The aim of those maps is to provide reasoned tools for seasoned modellers, helping them in setting milestones, planning journeys, and appraising itineraries.
Milestones are about sequences: they are necessary whenever expectations and commitments are set across different organizational units.
Planning is about projects: once requirements are properly analyzed, maps can be used to sequence goals, set paths, and define tasks gauged according topography metrics.
Appraising is about processes: given sound and objective metrics, tasks traceability to outcomes, and projects built alongside, roadmaps can be turned into development patterns depending on capabilities assessment.
Language
Maps are to be drawn using a standard notation, and for that purpose Caminao uses a kernel of OMG’s Unified Modeling Language.
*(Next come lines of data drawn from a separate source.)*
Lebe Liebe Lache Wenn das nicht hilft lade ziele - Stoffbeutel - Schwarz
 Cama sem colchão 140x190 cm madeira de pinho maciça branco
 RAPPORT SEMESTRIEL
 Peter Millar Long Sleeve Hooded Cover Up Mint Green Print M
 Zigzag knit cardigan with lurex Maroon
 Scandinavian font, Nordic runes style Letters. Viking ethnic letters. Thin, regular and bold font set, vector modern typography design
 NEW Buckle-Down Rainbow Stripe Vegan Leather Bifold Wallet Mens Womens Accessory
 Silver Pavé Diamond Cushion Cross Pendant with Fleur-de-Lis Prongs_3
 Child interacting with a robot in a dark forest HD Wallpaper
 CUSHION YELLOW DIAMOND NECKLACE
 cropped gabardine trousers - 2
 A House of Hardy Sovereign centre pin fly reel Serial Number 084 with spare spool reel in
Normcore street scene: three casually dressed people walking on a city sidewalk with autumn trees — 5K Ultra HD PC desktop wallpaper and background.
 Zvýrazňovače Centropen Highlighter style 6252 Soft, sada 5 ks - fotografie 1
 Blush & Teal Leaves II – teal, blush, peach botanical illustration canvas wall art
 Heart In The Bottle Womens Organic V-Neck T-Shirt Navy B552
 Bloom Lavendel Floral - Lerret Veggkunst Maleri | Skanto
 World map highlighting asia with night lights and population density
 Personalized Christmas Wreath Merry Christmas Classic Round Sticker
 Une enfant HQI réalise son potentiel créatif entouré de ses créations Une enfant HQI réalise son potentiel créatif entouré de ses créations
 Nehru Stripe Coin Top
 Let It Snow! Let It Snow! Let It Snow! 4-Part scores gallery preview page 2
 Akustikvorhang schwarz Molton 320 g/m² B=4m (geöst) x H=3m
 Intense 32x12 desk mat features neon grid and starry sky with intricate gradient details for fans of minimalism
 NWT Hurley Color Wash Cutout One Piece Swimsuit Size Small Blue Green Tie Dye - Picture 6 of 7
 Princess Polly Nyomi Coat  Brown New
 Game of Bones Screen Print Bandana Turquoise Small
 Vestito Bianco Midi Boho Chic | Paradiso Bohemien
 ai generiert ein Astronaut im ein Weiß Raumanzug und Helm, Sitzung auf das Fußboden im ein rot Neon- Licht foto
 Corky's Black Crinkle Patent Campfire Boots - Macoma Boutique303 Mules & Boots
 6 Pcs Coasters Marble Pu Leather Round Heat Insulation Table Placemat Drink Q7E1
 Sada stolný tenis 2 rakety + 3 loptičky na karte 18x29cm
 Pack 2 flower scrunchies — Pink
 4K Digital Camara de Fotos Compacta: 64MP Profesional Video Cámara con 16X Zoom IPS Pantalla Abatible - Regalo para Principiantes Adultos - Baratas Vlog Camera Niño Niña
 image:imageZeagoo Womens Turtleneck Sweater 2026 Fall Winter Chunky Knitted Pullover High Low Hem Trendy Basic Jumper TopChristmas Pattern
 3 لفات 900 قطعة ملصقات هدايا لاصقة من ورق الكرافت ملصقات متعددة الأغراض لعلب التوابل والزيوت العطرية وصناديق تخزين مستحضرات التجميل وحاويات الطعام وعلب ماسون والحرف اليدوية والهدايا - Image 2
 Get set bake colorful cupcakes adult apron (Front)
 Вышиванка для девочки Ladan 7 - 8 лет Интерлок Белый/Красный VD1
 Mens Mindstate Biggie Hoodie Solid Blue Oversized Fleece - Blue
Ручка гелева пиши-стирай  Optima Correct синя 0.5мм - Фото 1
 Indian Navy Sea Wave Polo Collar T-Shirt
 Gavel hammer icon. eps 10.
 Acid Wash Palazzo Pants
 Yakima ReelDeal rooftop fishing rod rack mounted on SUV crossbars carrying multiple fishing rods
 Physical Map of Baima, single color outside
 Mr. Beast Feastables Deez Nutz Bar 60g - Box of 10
UML# (for “charpente”, supporting structure in French), is built on a core of UML syntactic constructs, using its stereotyping mechanism to define semantic qualifiers set along functional layers on one hand, OMG’s Model Driven Architecture on the other hand.
UML# objective is therefore not to be a substitute to UML but rather a complement dedicated to requirements and analysis, without affecting continuity with design and implementation models.
Concepts
Neither maps nor languages are meant to convey any guidance about course or discourse. Hence, modeling languages have nothing to say about what is to be represented and how it should be done. For that purpose a reasoned understanding of system functionalities and architecture is required.
Curiously, while core concepts are already at hand, most of methodologies are either aimed at system design, or lean on fallacies about what analysis models represent.
Caminao ultimate objective is therefore to bridge the conceptual gap between functional requirements and system analysis, bringing both semantics under a common roof. To that end, some principles are to be carried through:
Comprehensive scope: concepts must deal with all and every configuration, without assuming any restriction about functional requirements.
Closed set of concepts: all descriptions of system functionalities and architecture must be upheld by a limited and finite number of concepts.
Thorough and reasoned understanding: all stereotypes are to be unambiguously defined using formal expressions built from core concepts.
No expertise or best practices: maps must support all ventures and befit every methodological inclinations. As a consequence concepts and stereotypes must remain neutral and free of any preference or precedence.
Eventually, that should open a new perspective to model driven engineering by consolidating model layers around functional architectures.